July-August, 2003 · Vol 29 · No 10

Exhibit features aboriginal children's art

 

A rare group of 36 drawings, created by young Nk'Mip students who were taught by Anthony Walsh at the Inkameep Day School in the South Okanagan during the 1930s and 1940s, is now on display at the Vancouver Art Gallery.

 

The drawings, dating from 1936 to 1943, depict everyday realities and a sense of identity growing up as aboriginal students in mid-20th century B.C.

 

Walsh's approach to teaching and learning through the arts was very unusual for his time. "He really felt at the time that aboriginal people were misunderstood by their neighbours and by the Canadian public," explains Dr. Andrea Walsh (anthropology), who co-curated the exhibit. "The drawings he asked the children to create were about who they were in everyday life. So what you see are little girls playing hoop games, running in fields with their dogs, and lots of pictures of the rodeo. The exhibit represents a huge picture, that doesn't exist anywhere else in Canada, of aboriginal children's everyday lives."

 

Much of the artwork was destroyed by Walsh's successor when he left the school in 1942 to join the war.

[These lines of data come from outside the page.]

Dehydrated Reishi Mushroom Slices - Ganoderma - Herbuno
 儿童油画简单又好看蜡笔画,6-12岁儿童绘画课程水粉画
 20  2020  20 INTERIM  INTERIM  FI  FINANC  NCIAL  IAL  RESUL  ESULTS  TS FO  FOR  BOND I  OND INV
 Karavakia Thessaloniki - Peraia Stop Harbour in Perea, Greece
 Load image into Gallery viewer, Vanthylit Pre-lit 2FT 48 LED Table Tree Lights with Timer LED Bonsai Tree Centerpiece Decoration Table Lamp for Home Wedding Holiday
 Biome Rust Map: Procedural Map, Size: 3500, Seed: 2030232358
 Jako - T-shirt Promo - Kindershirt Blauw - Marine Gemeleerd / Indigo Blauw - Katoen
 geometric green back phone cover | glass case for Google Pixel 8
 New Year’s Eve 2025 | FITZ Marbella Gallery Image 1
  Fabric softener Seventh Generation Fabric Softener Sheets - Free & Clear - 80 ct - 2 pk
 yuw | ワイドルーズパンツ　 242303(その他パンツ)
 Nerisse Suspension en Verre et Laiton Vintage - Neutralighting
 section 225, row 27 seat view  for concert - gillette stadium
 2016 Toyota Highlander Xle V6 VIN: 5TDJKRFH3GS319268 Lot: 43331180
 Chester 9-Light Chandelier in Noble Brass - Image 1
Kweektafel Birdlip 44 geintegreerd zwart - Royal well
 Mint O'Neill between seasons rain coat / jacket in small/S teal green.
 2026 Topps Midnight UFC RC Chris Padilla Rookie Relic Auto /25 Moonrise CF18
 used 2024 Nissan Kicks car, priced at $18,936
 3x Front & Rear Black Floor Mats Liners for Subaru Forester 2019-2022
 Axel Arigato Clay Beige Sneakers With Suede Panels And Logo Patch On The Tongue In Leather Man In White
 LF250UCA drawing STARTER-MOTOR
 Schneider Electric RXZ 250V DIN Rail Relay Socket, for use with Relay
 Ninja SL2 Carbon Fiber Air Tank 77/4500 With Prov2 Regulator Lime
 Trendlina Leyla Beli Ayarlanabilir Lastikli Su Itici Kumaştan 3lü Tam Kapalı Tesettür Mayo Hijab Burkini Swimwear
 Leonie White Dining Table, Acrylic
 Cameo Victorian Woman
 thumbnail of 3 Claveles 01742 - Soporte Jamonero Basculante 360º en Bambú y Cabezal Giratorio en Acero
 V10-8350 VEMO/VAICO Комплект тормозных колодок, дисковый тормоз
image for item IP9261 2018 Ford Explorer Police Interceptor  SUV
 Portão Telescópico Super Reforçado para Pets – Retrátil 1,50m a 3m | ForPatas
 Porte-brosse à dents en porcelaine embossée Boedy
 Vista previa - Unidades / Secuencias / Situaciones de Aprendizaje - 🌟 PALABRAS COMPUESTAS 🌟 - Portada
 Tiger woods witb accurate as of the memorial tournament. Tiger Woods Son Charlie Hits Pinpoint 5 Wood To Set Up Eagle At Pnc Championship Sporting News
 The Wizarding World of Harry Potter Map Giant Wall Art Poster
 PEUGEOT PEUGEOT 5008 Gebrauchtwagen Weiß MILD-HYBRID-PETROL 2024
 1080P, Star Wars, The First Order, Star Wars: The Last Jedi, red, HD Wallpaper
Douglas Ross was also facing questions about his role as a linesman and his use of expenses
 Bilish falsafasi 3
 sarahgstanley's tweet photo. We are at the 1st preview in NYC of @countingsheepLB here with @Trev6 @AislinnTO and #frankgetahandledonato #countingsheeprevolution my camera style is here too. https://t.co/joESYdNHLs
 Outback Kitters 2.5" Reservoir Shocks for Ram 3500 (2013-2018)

A number of pieces were saved by a friend of Walsh's and stored under a bed for 20 years until the Osoyoos Museum opened in 1963. It's those pieces that are being displayed today.

 

The drawings came to the attention of Andrea Walsh as she researched the collection for a Community-University Research Alliance (CURA) project at UVic.

 

The exhibition is co-curated by Ian Thom, senior curator at the Vancouver Art Gallery, where it's part of a larger exhibit entitled, "Drawing the World: Masters to Hipsters" until Sept. 21.